The only amazing thing about the release by Wikileaks of 92,000 plus classified documents related to the Afghan war is that anyone would think it’s amazing.

What the story really tells us is how far out of touch US policymakers are with the world in which they purport to operate. Failure to understand strategic and operational environments is a fatal error in warfare, and failure to recognize that media is a strategic front is an example of just that kind of failure. As revelations of incompetence and stupidity in Afghanistan surge, it’s increasingly obvious that the ‘fog of war’ is largely between the ears of those in charge.

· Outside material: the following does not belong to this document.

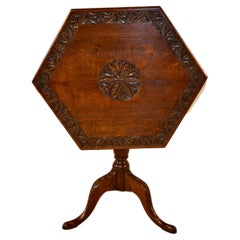 18th Century English Tilt Top Side Table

What these ‘best and brightest’ have failed to recognize is that we live in an open source world in which every person is a unique media channel. Where the bandwidth of each individual used to be constrained by geography and number of personal connections — like how many people are in your gossip circle at the local market — now it’s potentially everyone with a cell phone, iPad and / or internet access. The only question is when individual ethics, sensitivities or pathologies will trigger release of sensitive information over those networks.

We also live in the most documented era ever, and it’s only getting more so. For a variety of reasons, not least covering one’s butt when things go sideways, virtually everything is recorded. Everyone — whether cops beating suspects, politicians making ‘off microphone’ comments, CEO’s making shady deals or four star generals unloading in a bar — has to expect that anything shared or stored digitally may reemerge at some inconvenient time.

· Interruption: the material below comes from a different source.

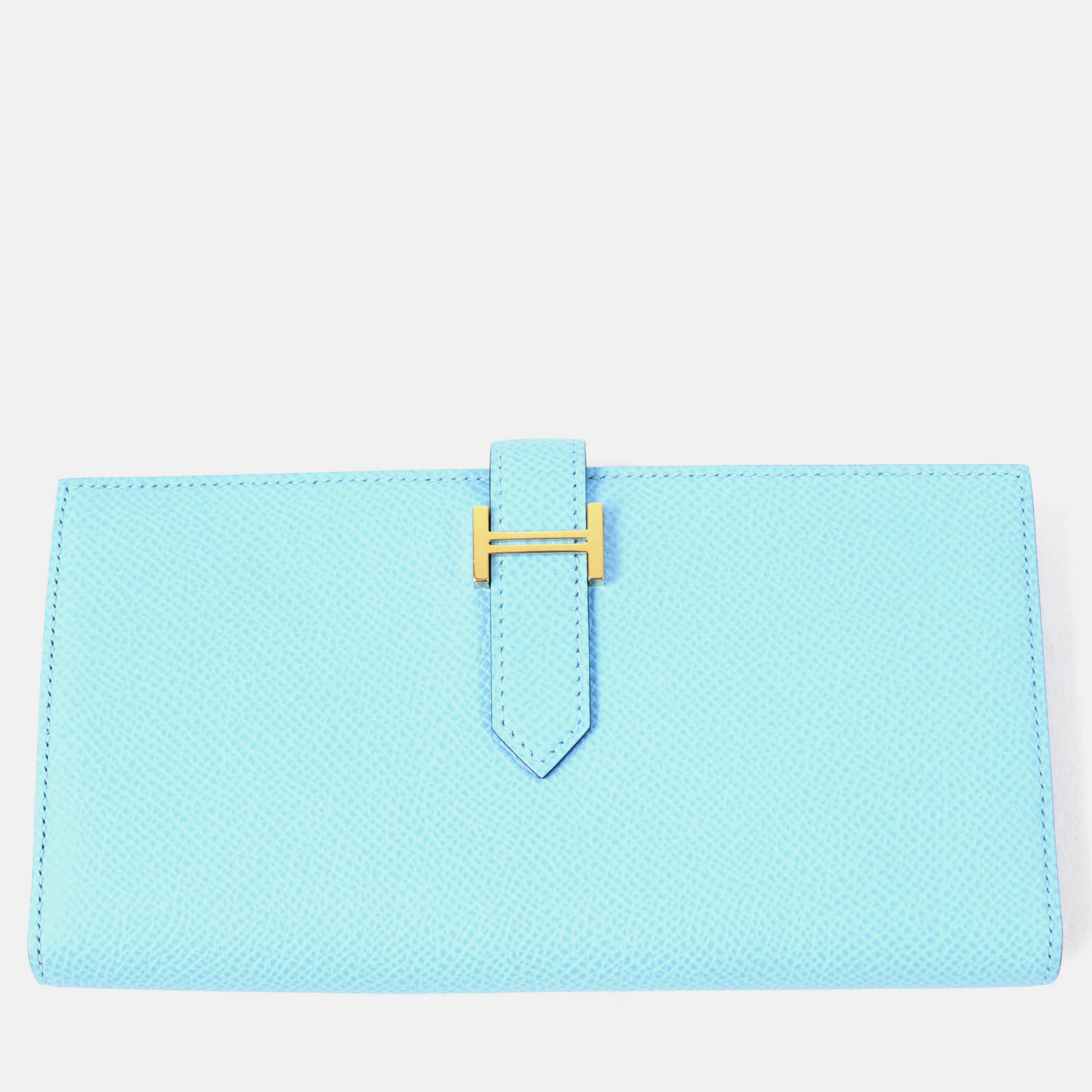 

Hermes Blue Leather Epsom Celeste Veil Jade Purse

Finally, just about everything — at least in broad strokes — is already in the public domain if we want to look hard enough. This is why the recently revealed Russian spy ring didn’t need access to classified material — only a rigorous trawl-and-collate system for open source materials. As Stewart Brand said way back in 1984, ‘Information wants to be free.’ Only lotus eaters and politicians believe they can contain it indefinitely.

The hard reality is, if policymakers want to avoid the kind of blowback that occurs when inept, criminal or just plain stupid actions are revealed, it’s best not to undertake inept, criminal or just plain stupid actions in the first place.